Excerpted records ->

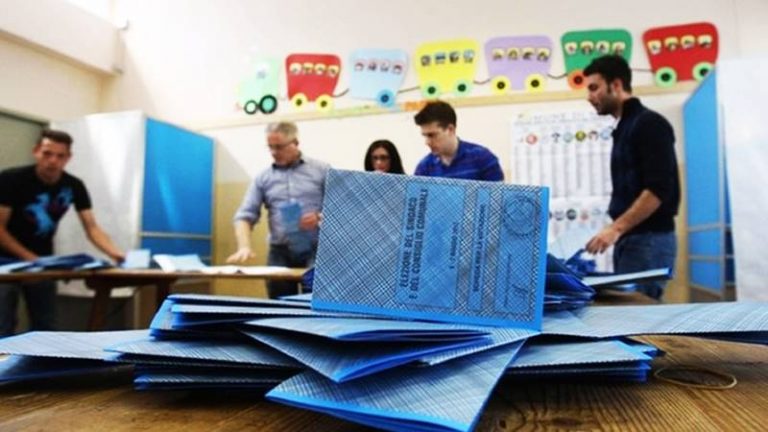 Election Day, nel Vibonese urne aperte per Amministrative e Referendum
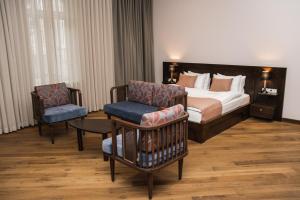 Rúm í herbergi á Makmani Boutique Hotel by DNT Group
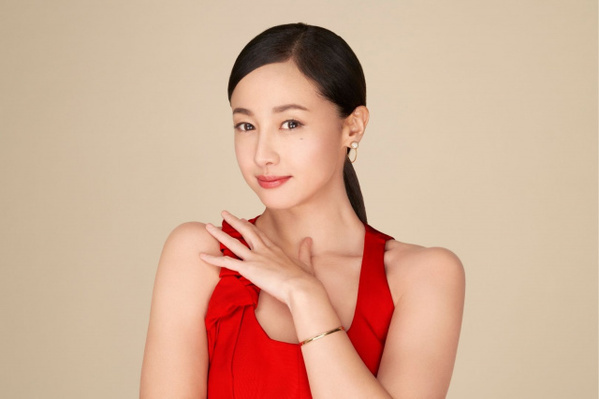 沢尻エリカ、美デコルテ映える真っ赤な輝き　美しさを保つために意識していることは「心を鍛える」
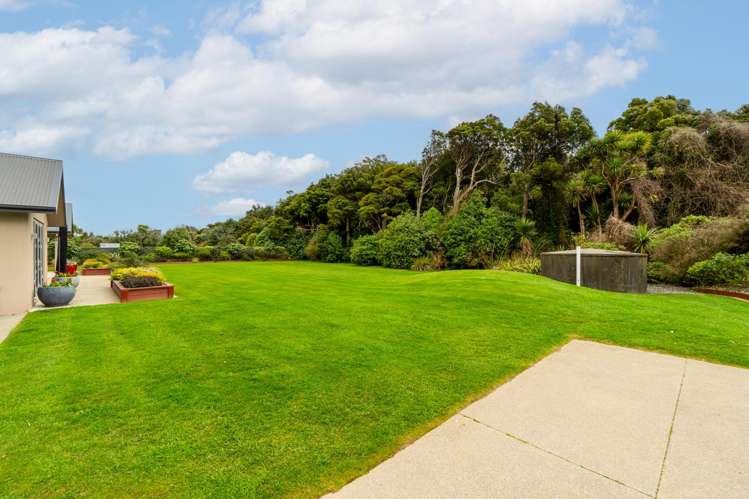 47 Matua Grove Otatara_19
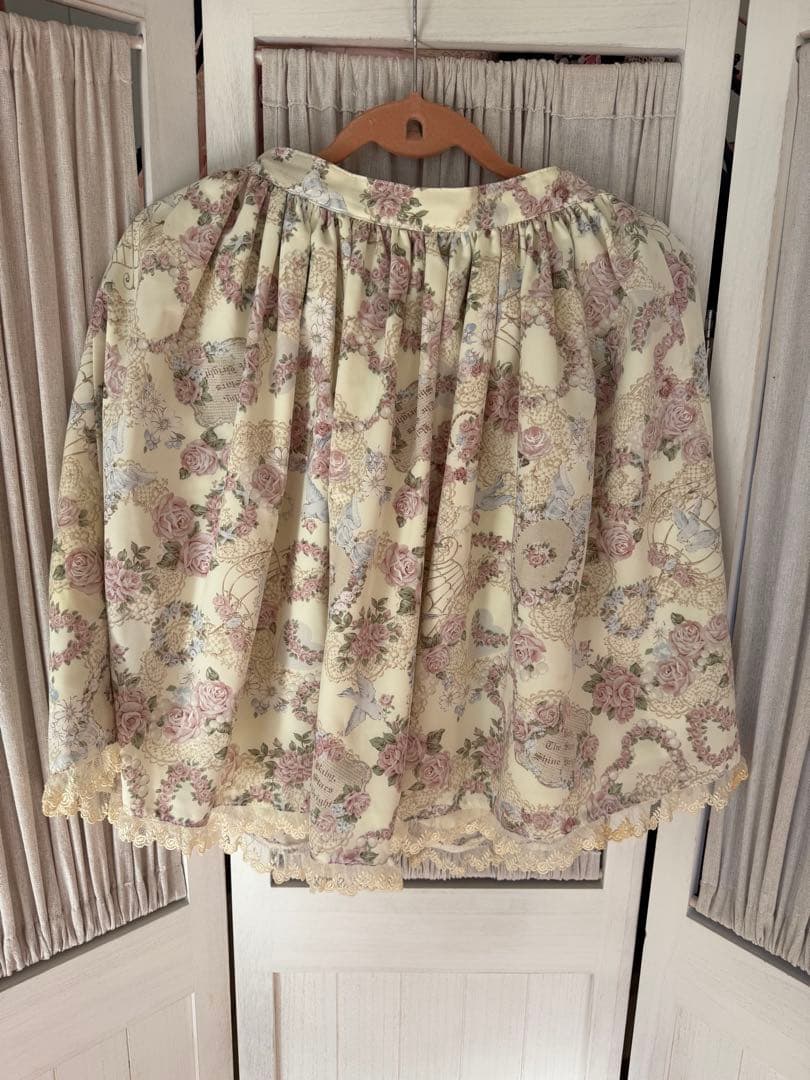 Baby, The Stars Shine Bright フレアスカート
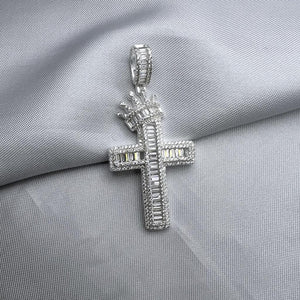 #D496 - Dije Cruz Con Corona De Piedras Zirconia Plata - MI11.4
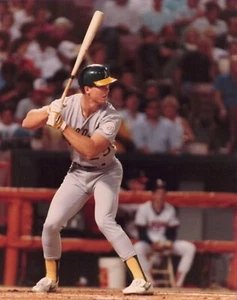 MARK MCGWIRE 8X10 UNSIGNED PHOTO OAKLAND ATHLETICS A's PICTURE - Picture 1 of 1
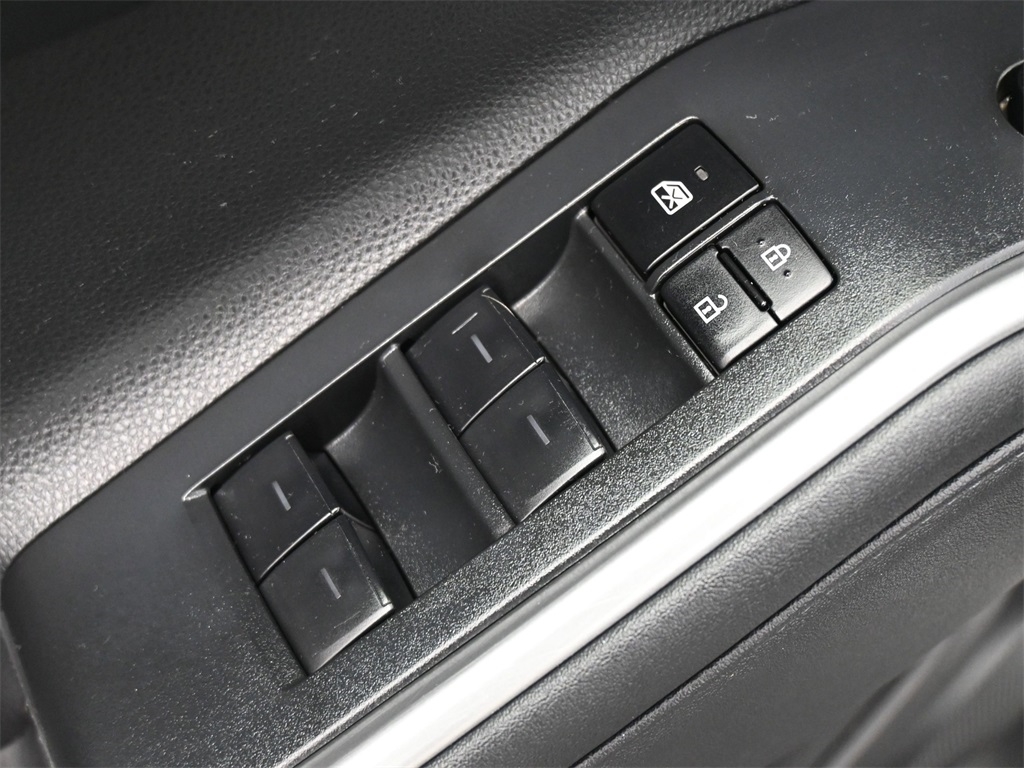 2023 Toyota Highlander XLE photo 2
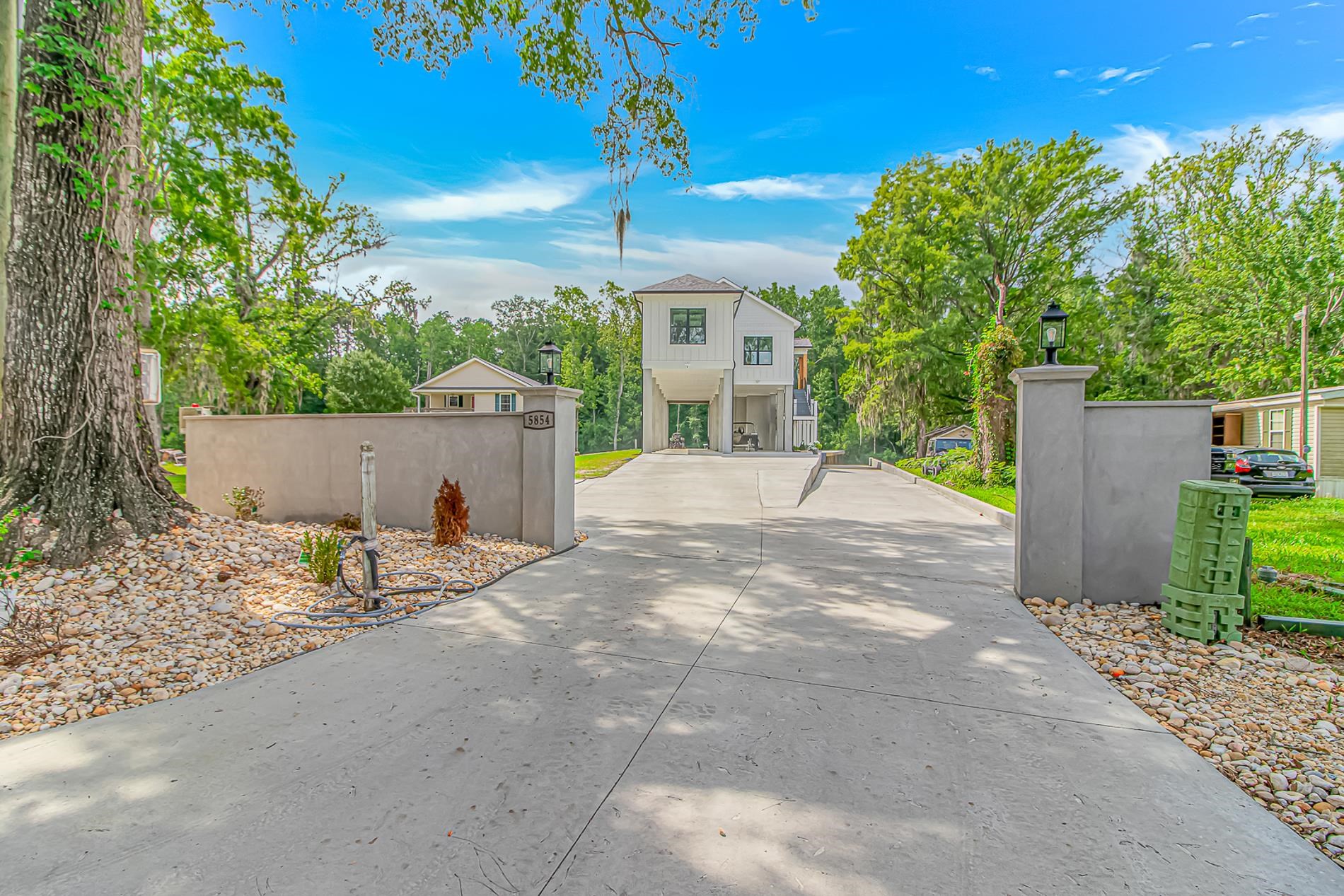 5854 Creekside Dr. Property Photo 35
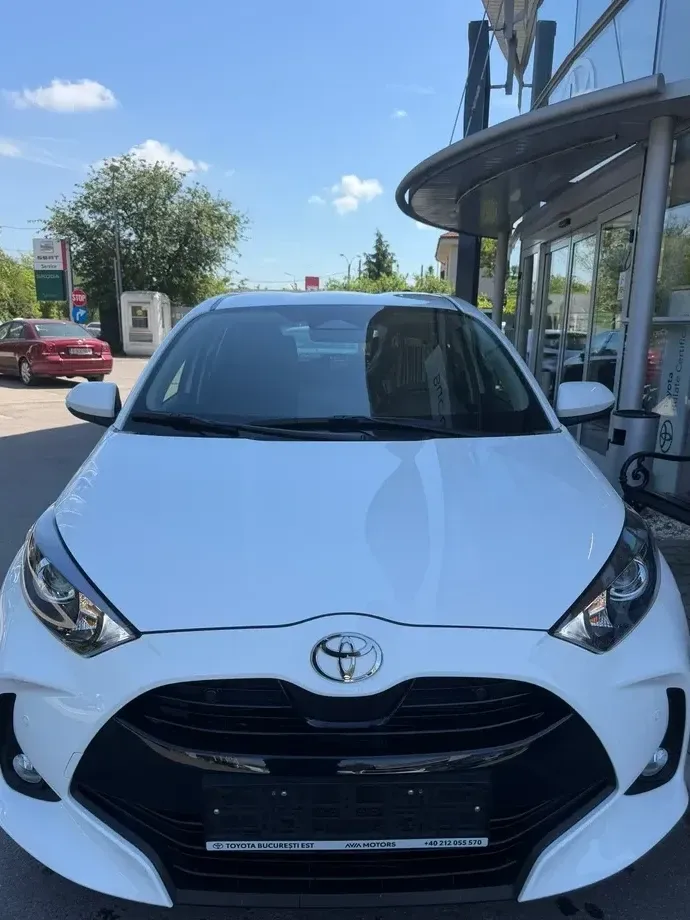 Toyota Yaris 1.5 116 CP HEV Active — imagine 2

Task objective -> Restate word for word, and only, the lines from the line that contains "MARK MCGWIRE 8X10" through the end of the data, both included; pictures are not part of the copy.

Output of the task ->
 MARK MCGWIRE 8X10 UNSIGNED PHOTO OAKLAND ATHLETICS A's PICTURE - Picture 1 of 1
 2023 Toyota Highlander XLE photo 2
 5854 Creekside Dr. Property Photo 35
 Toyota Yaris 1.5 116 CP HEV Active — imagine 2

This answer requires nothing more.